▶ [Exercise goal]: Start at the line that contains "風船のクッション気持ちいい♪" in the listing below and extract every line through the last, exactly; leave pictures out.

▶ [Given material]:
■ ■ ■ ■ ■

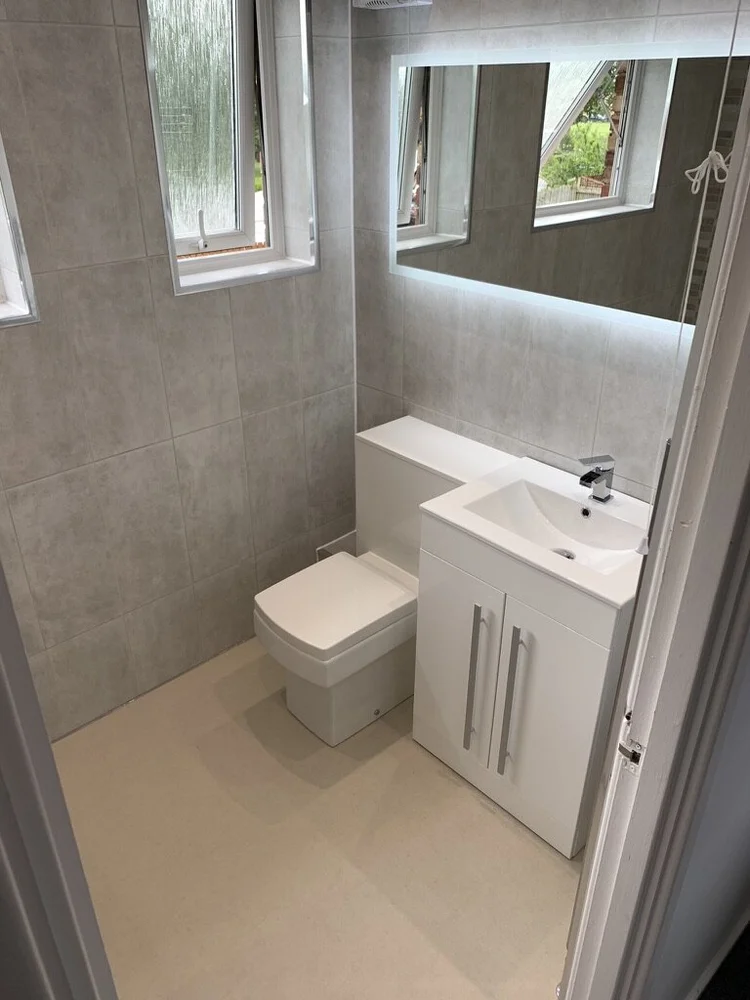 Wall-panelled bathroom installation, photograph 277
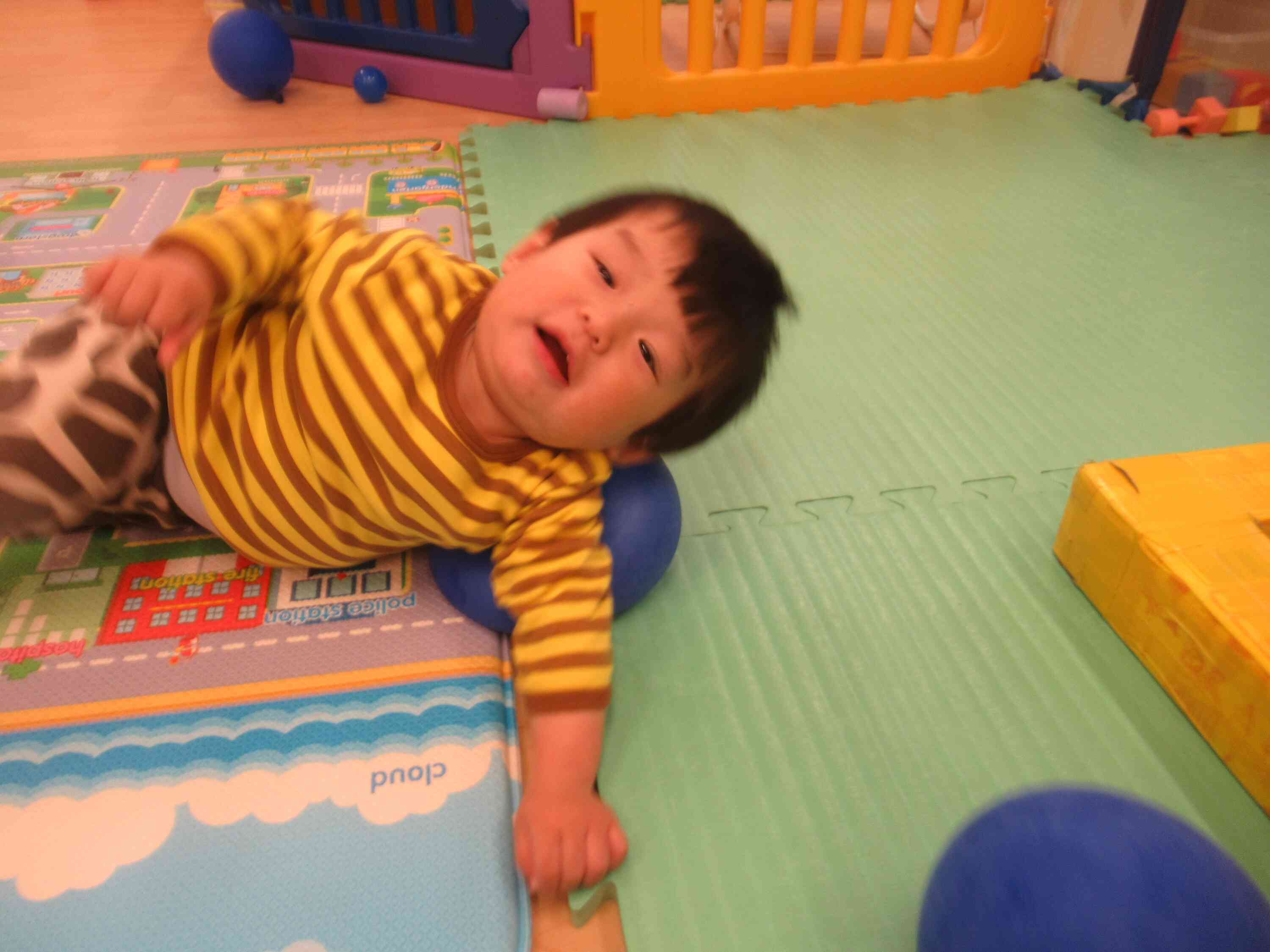 風船のクッション気持ちいい♪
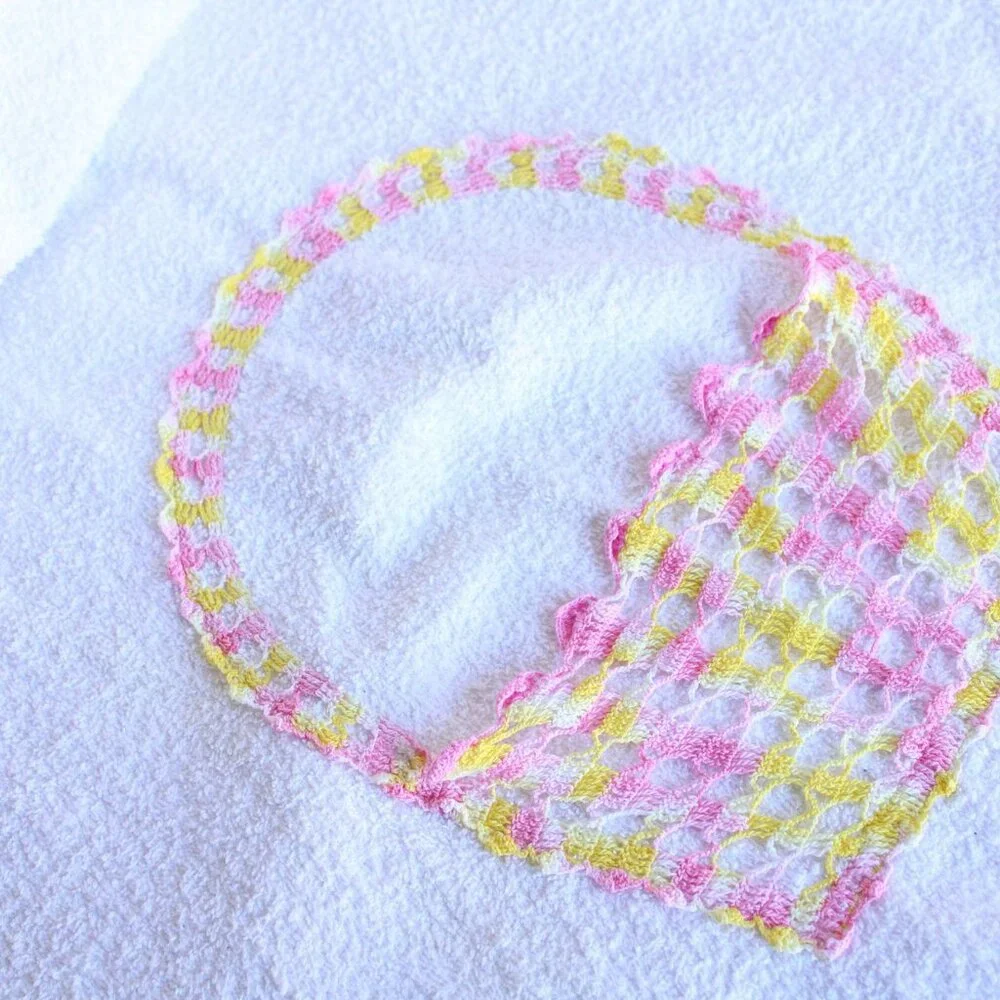 Vintage 1980s Bath Towel, Cone Terrycloth Towel With Crochet Flower Basket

■ ■ ■ ■ ■

▶ [Exercise solution]:
 風船のクッション気持ちいい♪
 Vintage 1980s Bath Towel, Cone Terrycloth Towel With Crochet Flower Basket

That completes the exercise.